Steven, great to see you again. Really looking forward to this conversation and you’re spot on. Bento Engine helps client-centric advisors to serve all of their clients and prospects during moments that matter on their life journeys. Those could be age-based milestones, those could be life events, those could have to do with teaching fin lit to the next-gen of the client family. I look forward to unpacking that and bringing that to life for you all in this conversation.

Steven (02:01):

Yeah, absolutely, and we’ll talk at the end of the show about how advisors can do more directly with Bento Engine. So if you’ve heard of Bento Engine before and you’re excited to learn more, listen through the end, we’re going to get you all that information. But I mean since I am the tax guy, Philipp, there are so many areas of financial planning that a software that an advisor could address. Where did the motivation to include taxes come from for Bento Engine?

Philipp (02:25):

Bento Engine was born around two and a half years ago and it’s based on a realization and that realization is that many financial advisors out there by now have some kind of promise of holistic, comprehensive advice as part of their value proposition. That’s awesome. That’s great news. However, let’s be honest, oftentimes that work is being done manually and thus it’s not scalable. If you are a client at the top of a book of an advisor, you’re probably getting awesome service during all moments that matter on your life journey. However, if you are in the middle of the book or God forbid at the bottom of the book, oftentimes those clients are being woefully underserved and in our mind represent a major organic built in revenue growth opportunity. So the idea is simply Steven, to scale the great advice that great advisors give to their greatest of clients already and bring that via a technology and content solution to the middle and the bottom of the book. And as I mentioned before, the moment that matter, they break down into highly predictable age-based milestones, happy to bring some to life, to life events, and fin lit for the next gen. 

Steven (03:45):

Yeah, Phil, go ahead and give us some examples of what some of the specific to taxes, what some of those moments that matter, some of those age-based things that you’re already addressing.

Philipp (03:54):

Absolutely. Let’s start perhaps with the age-based milestones. The IRS birth dates as you caught them from our perspective, there are 15 regulatory birth dates that really matter in wealth management in the US. Those birth dates range from zero birth all the way to 73 RMDs. There are 10 of them that are retirement-related, ranging from age 50 where you can make catch-up contributions in your retirement accounts all the way to 70 and a half qualified charitable distributions and 73 required minimum distributions, 10 age points, 10 age-based milestones that are retirement-related. There are also five for the next gen that have to do with the coming of age of the next gen of the client family. Those include, for example, age 26, having to move from parental healthcare coverage to finding one’s own age of majority 18, 19, 21 depending on where you live. A big one obviously, but there’s also age 14 if I may. Steven, let me bring two age-based milestones really to life for our audience. I’ll pick one that’s retirement-related and I’ll pick one that’s next gen related. Would that be okay?

Steven (05:15):

Yeah, that sounds great. Let’s do it.

Philipp (05:17):

Awesome. Let’s stay with the next gen. Age 14. When kids turn 14, they can legally start earning income. So in many ways, 14 is the working age in the US to do so. They need something called the working papers, at least in the majority of states. How to get the work with the papers via your school system or via the local government is state specific. Once they have the working papers and once they start legally earning income, good advisors advise their client families to not spend all that money on ice cream, but instead teach children how to save and invest and ideally invest in tax-aware in tax-smart ways you may sense whether it’s going. We encourage our advisors to guide their clients to open custodial IRA accounts under the kid’s name so that the kids get to enjoy the power of text deferred compounding for decades to come.

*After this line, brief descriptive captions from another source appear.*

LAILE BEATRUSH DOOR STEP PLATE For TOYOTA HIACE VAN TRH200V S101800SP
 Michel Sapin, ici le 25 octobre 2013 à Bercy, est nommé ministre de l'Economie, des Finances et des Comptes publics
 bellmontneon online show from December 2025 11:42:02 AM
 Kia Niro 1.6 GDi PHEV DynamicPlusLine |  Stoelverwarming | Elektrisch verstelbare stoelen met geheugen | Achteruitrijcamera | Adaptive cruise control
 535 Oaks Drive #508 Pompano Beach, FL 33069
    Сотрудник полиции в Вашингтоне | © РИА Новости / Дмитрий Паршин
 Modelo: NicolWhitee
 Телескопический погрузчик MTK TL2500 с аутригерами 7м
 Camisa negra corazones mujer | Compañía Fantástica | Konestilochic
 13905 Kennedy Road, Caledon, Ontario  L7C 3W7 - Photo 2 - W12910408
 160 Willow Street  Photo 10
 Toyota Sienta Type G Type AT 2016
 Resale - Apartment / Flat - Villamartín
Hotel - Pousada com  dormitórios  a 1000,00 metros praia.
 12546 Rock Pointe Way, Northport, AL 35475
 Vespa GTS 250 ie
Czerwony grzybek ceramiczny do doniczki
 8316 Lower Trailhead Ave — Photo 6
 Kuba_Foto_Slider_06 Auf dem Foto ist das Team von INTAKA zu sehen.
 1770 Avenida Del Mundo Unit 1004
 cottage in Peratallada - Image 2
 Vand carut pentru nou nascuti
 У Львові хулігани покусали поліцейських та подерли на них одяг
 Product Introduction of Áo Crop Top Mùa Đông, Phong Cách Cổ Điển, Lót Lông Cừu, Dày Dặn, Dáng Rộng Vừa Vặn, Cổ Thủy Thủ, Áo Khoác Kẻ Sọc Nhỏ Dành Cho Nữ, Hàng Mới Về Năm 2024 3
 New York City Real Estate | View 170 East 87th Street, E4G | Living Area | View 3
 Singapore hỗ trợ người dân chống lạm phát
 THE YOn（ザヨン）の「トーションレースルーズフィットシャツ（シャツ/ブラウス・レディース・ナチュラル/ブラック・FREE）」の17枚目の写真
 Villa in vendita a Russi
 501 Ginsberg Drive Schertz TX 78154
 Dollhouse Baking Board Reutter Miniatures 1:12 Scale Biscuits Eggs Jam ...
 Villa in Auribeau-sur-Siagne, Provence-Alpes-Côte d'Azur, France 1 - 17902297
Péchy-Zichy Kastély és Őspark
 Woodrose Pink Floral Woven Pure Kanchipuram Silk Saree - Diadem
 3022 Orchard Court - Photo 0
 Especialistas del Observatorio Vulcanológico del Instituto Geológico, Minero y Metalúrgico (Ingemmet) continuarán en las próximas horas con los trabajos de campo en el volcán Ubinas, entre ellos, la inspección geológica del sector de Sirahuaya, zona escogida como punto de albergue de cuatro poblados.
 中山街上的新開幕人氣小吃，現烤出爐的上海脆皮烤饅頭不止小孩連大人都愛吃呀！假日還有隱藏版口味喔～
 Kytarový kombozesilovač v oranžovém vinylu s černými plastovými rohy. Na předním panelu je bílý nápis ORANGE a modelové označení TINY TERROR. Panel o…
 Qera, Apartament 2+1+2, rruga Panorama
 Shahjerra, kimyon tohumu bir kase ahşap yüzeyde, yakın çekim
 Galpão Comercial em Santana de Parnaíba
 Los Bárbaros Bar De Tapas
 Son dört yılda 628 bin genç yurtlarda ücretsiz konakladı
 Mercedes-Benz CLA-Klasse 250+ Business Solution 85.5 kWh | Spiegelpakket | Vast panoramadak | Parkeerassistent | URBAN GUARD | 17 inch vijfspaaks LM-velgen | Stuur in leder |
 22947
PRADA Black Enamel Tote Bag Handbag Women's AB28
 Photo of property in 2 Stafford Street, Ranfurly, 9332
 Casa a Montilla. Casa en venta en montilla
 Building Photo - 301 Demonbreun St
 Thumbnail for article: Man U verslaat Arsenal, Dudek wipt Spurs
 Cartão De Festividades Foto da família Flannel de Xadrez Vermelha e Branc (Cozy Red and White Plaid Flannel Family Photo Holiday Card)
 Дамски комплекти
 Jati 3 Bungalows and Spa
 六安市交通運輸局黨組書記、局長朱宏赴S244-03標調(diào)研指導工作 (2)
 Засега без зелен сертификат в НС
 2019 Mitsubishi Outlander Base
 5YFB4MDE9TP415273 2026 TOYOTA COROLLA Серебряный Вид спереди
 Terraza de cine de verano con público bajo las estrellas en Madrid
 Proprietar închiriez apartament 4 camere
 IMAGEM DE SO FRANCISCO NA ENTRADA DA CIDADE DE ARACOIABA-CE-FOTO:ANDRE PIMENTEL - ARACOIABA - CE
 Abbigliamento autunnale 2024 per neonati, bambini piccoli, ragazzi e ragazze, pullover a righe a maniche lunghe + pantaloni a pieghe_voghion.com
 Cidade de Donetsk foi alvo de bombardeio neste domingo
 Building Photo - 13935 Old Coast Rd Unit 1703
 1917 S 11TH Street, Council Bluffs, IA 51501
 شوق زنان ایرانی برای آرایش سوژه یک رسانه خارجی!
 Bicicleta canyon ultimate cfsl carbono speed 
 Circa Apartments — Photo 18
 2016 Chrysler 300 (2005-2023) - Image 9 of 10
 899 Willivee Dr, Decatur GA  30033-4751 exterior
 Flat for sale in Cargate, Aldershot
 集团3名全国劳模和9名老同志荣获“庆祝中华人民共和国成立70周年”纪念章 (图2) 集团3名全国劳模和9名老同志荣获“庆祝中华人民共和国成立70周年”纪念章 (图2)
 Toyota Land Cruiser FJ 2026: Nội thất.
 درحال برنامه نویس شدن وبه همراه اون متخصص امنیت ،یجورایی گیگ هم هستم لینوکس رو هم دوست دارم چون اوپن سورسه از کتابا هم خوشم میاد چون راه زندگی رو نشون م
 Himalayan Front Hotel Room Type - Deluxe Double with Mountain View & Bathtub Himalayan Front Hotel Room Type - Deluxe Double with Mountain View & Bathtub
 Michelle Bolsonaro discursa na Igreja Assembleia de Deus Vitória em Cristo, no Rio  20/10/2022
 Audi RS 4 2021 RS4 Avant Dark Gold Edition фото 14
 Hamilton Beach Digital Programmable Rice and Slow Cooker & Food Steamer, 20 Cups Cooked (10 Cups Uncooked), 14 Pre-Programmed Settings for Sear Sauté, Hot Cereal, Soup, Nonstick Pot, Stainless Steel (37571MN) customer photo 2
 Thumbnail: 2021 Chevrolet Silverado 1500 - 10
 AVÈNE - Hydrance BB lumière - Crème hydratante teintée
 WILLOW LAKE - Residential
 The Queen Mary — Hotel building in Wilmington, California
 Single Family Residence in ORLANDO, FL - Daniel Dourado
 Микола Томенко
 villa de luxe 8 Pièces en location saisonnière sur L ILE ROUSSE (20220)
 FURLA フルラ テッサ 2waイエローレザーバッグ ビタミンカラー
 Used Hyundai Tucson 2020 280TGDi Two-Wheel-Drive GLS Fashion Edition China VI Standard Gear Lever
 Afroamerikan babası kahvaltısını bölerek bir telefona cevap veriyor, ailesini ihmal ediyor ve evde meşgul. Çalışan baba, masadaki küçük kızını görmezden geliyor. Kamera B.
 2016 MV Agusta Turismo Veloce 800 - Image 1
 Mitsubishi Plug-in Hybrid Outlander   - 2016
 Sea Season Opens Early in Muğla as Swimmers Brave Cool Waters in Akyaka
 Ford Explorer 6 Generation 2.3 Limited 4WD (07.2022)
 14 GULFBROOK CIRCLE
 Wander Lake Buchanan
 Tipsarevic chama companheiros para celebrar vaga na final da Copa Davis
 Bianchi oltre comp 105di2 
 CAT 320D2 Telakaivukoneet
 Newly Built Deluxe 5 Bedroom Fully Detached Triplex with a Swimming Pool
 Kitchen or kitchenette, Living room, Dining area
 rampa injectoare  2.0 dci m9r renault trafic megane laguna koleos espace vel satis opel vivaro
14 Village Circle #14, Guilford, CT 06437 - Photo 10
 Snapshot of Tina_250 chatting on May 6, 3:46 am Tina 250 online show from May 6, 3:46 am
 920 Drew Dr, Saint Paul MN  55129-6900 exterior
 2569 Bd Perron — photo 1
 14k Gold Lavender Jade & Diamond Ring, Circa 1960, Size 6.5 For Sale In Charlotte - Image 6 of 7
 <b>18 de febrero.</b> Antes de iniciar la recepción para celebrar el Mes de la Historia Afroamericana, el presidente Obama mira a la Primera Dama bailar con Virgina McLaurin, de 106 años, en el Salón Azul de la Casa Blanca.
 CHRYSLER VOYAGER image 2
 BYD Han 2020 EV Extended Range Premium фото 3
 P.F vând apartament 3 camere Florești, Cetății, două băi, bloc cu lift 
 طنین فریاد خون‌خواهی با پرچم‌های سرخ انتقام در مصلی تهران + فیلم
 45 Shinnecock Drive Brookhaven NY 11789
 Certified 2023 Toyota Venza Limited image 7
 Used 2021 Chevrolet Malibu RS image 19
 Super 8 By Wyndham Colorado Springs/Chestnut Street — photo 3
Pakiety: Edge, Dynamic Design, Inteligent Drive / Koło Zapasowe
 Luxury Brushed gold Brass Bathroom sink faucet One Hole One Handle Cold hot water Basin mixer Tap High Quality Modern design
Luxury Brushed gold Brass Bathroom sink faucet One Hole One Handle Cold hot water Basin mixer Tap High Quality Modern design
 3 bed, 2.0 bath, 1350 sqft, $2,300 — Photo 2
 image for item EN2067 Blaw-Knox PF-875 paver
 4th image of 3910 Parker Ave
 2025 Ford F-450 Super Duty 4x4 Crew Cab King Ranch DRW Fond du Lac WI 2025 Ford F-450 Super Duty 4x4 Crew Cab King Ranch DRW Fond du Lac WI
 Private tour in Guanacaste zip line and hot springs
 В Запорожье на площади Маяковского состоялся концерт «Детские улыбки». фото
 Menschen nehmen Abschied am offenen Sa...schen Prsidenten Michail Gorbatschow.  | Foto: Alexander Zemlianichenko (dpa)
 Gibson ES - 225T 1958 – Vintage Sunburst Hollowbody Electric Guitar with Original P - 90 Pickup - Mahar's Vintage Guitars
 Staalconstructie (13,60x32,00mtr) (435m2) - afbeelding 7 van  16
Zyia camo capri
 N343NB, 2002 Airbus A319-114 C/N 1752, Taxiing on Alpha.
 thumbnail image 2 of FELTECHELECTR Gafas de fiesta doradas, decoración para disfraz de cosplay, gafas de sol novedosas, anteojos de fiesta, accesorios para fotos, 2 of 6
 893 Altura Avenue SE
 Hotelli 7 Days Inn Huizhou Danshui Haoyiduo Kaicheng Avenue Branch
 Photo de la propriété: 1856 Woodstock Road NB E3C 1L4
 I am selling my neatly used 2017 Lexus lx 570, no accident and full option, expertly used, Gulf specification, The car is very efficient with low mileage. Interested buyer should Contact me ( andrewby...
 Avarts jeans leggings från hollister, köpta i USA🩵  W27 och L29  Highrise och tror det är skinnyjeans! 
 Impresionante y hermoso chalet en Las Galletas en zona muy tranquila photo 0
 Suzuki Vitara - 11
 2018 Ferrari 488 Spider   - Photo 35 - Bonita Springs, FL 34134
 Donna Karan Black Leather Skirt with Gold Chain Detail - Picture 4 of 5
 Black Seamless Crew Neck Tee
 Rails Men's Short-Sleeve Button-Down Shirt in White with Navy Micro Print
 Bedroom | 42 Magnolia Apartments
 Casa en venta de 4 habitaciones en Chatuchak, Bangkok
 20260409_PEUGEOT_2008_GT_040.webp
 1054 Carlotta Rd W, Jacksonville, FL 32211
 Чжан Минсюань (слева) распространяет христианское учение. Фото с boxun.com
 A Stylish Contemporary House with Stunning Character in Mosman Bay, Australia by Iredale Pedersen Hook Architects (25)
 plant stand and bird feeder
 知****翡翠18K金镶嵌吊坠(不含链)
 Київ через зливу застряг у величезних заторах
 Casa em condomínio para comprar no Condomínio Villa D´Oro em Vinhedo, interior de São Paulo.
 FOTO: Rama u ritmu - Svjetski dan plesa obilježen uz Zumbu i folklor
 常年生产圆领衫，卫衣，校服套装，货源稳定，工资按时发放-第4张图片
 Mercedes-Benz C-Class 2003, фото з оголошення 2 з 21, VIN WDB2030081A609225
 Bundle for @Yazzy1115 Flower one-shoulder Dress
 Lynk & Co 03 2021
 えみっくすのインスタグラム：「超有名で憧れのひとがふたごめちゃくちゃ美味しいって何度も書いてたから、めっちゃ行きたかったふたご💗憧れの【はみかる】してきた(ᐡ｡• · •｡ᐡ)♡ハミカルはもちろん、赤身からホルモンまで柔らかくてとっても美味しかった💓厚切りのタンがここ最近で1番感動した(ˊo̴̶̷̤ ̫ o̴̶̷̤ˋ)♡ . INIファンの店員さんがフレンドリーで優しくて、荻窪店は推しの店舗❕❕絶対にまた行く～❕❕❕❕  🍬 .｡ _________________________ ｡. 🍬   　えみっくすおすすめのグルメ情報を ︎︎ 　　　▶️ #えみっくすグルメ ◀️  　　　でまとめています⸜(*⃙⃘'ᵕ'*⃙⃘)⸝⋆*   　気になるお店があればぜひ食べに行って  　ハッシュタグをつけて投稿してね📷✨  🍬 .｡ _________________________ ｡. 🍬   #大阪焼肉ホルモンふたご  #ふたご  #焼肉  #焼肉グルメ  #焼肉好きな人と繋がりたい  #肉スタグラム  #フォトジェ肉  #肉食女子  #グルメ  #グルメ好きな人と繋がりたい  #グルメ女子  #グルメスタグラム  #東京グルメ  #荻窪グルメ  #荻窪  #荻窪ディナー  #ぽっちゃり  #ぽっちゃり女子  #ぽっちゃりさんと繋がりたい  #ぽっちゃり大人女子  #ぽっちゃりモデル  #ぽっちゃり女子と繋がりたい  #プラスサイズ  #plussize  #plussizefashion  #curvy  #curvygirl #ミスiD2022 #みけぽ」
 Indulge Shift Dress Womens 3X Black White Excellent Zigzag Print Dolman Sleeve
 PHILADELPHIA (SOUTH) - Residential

I hope you concur a wonderful opportunity. Age 14 to teach the next gen and connect with them as an advisor on how to save, invest and do so in tax-aware location, conscious location, smart ways, leveraging custodial IRA accounts. So age 14, one moment that matter. I hope I brought that to life. Let me do the very same briefly for age 50. When Americans turn 50, as you well know, they can make catch-up contributions in a large array of retirement accounts. Pop quiz question for you, Steven. I guess you may know the answer. What percent of Americans who could make catch-up contributions actually do so?

Steven (07:11):

Oh, I have no idea. Most statistics are made up on the spot anyway, so I will forego making up a statistic. You seem very prepared. Why don’t you share it with us?

Philipp (07:19):

Of course, I looked that up and thank God shops like Fidelity and Vanguard study their vast array of retirement accounts to not make the statistics up but share what they see. And long story short, depending on the study, you look at the percentage ranges from 10 to 16%, so let’s call that around 15% of those eligible actually making catch-up contributions in their retirement accounts and thus increasing their tax-advantaged savings and investing rate. By the way, folks, will that percentage ever be close to a hundred percent? Obviously not for obvious reasons, but should that be higher than the loan teens? Absolutely. Oftentimes folks aren’t even aware of the opportunity to make catch-up contributions, so again, good advisors in particular, those who call themselves a fiduciary who have the client’s best interest at heart, advise all of their clients and prospects during these moments that matter so that they avail themselves of all the tax advantaged savings and opportunities investing opportunities out there for them.

Steven (08:33):

Geez, Philip, I really love the way you described both of those IRS birth dates. I know that you mentioned before we hit record that your son wears one of my RTS shirts all the time. You got it at a conference from us, so I mean we’re already close friends just through that, but the way you approach this stuff, I know that we’re going to get along really well because that statistic really stands out to me of only 10 to 16% of people who could make catch-up contributions are, and the reason that stands out to me is that one of the themes I constantly reinforce on this podcast when I talk to advisors is that we need to be helping clients consistently do the simple things. People want to jump ahead and skip over all of the basics and find that elusive exotic tax strategy that they think is going to sound better on TikTok, but the reality is that most people still aren’t even consistently doing the basics.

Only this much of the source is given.